In the only race in which an incumbent Republican senator was upset by a GOP challenger, Utah’s Bob Bennett finished third in that state’s Republican Convention in May and didn’t even get to the primary election. One of Bennett’s biggest sins was co-sponsoring a universal health insurance plan, including an individual mandate to buy insurance, with liberal Democrat Ron Wyden (D-OR.)

And in Colorado, Republican Jane Norton was repeatedly pilloried (somewhat unfairly in my view) as an establishment candidate and likely RINO because her friend John McCain encouraged her to run. It didn’t help Norton’s case that in August 2009, the NRSC was found to have registered and paid for Internet domain names relating to a Norton candidacy, which hadn’t even been announced.

Local bloggers chastised the NRSC, with Ben DeGrow arguing, “The NRSC has no business coming into this race so early in the process to endorse anyone.” (Much the same argument was heard in Florida.)

Another Colorado Tea Party favorite, Weld County District Attorney Ken Buck, beat Mrs. Norton by 3% after her desperate last-ditch campaigning with John McCain at events around the state that drew remarkably little attendance.
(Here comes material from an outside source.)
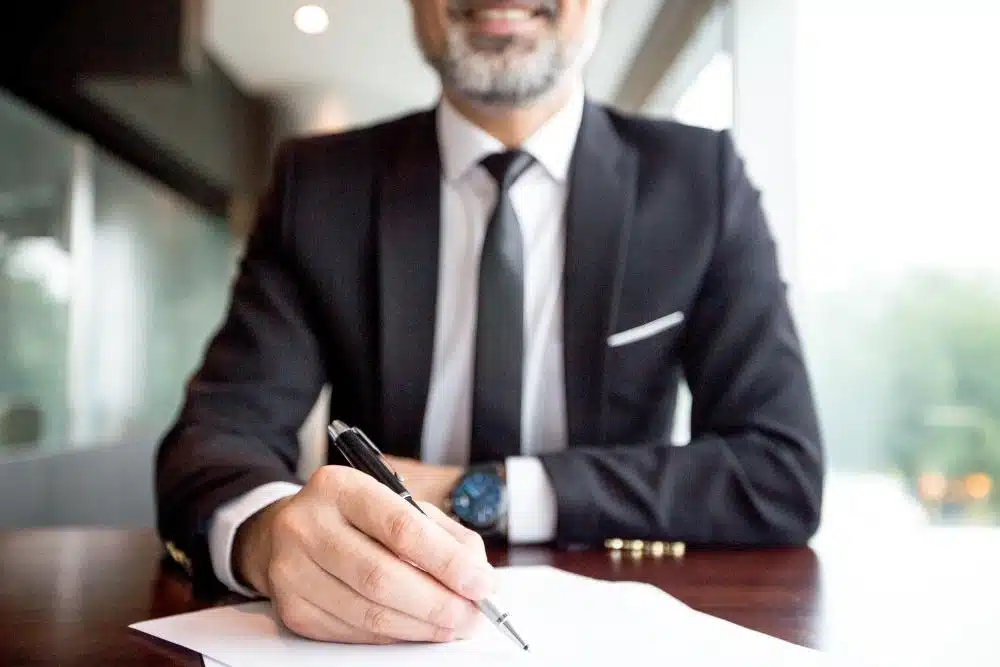 Professional tax lawyer in a suit signing documents at a desk, representing assistance with CRA wage garnishment services.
In each of these races, the “establishment” candidate lost, many by wide margins, except for Crist who dropped out to avoid that particular fate.

Think about some of the common descriptions for each of these candidates:

Lisa Murkowski: RINO who opposes repeal of ObamaCare.
Rick Scott: He’s anything but a former Congressman.
Charlie Crist: Pro-“stimulus” Obama-hugger.
Rob Simmons: Moderate (used as a pejorative).
Trey Grayson: Establishment candidate.
Sue Lowden: Former state GOP chair & chicken trader/
Bob Bennett: Bipartisan RINO
Jane Norton: Friend of John McCain (Did I mention John McCain?).
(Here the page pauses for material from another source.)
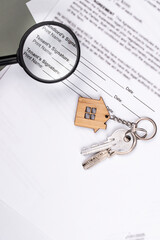Rental or Residential Lease agreement contract, magnifying glass, and house keys. Short and long term rentals, housing searching crisis, signing lease agreement, and rising prices.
What do these rejections have in common? A denunciation of what the Republican Party stood for during the George W. Bush years. A rejection of “moderation” or “bipartisanship,” which are nothing but code words for a spineless and self-serving desire to “go along to get along.” A rejection of an oxymoronic “conservative” form of big government.
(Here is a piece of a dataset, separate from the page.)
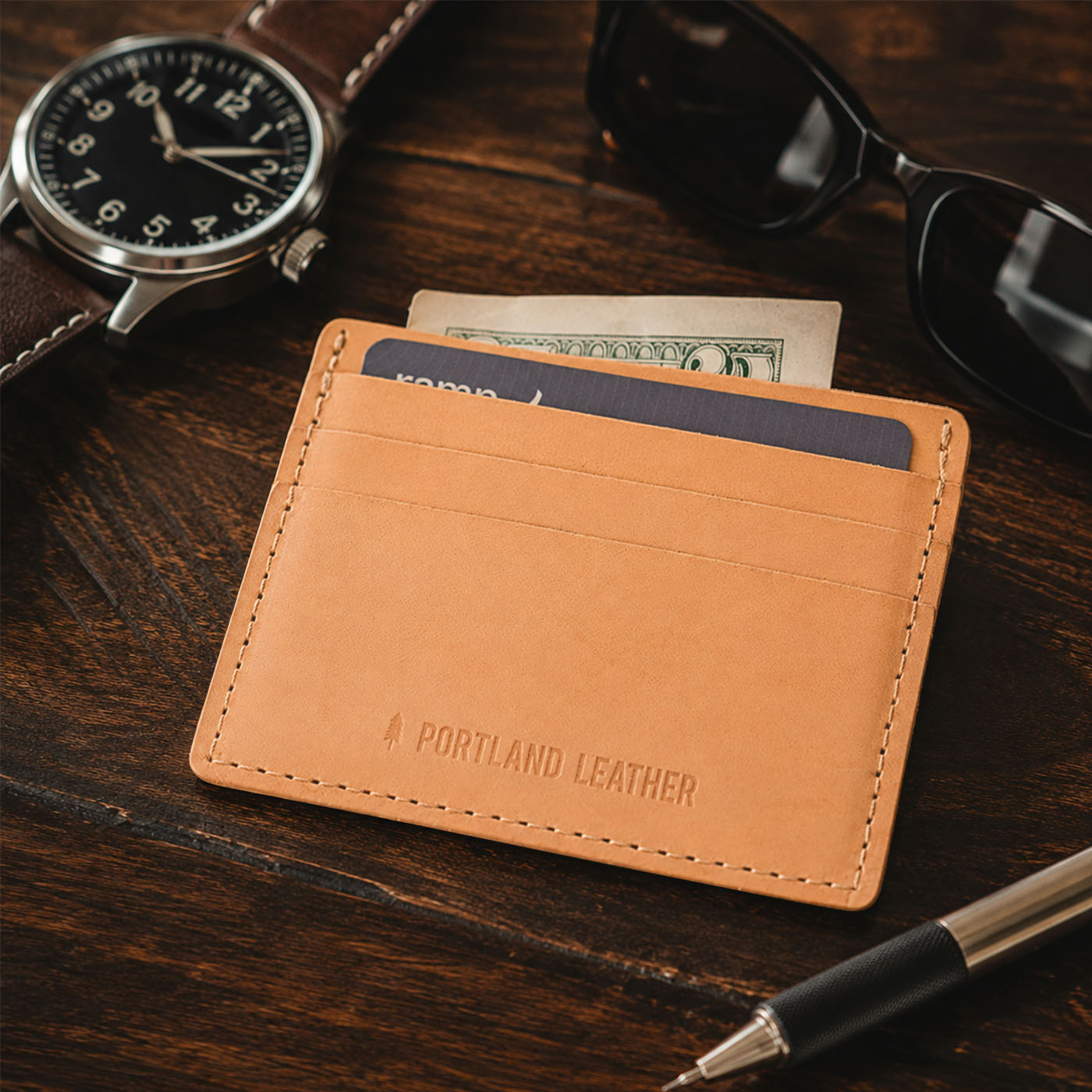 Naturale | A leather card holder shown on a dark wooden tabletop with a watch, sunglasses, cash, and a pen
What do the winners have in common? Short or non-existent prior careers in government (with the exception of Marco Rubio), a conspicuous lack of endorsements from the NRSC or senior Republican leadership, and some rookie mistakes which, rather than turning off the voters, seemed to endear the candidates to the people as reminders that they are the closest thing we’ve seen in some years to true citizen legislators focused on returning the nation to something which Madison and Jefferson would recognize. But perhaps the most important thing the winners have in common was a convincing message of principle rather than just politics or party. It’s also worth re-emphasizing that both losing incumbent Senators (Bennett and Murkowski) supported some sort of government-run health care plan.

Voters have recognized that switching from one party’s idea of using big government to control our lives to the other party’s idea of that same plan is not change and offers no hope.

Republican primary voters screamed that it’s time for real hope and change. Or, more precisely, we can’t simply hope for change; we must create it by electing candidates whose views and principles we understand and recognize as reflections of our nation’s early self-reliant spirit. The time for blank slates, for mindless mantras (“Yes, we can!”), and blaming everything that’s going wrong on the last guy to sit in the chair is now, mercifully, a historical error worthy of analysis only in order to prevent its repetition.

But for 2010, the results of Republican primary contests represent the awakening of a sleeping giant, a giant that Democrats will call a hopeful figment of Republican imaginations until November 2 when his foot comes down on their heads with a crushing thud of real change. Now that’s something to hope for.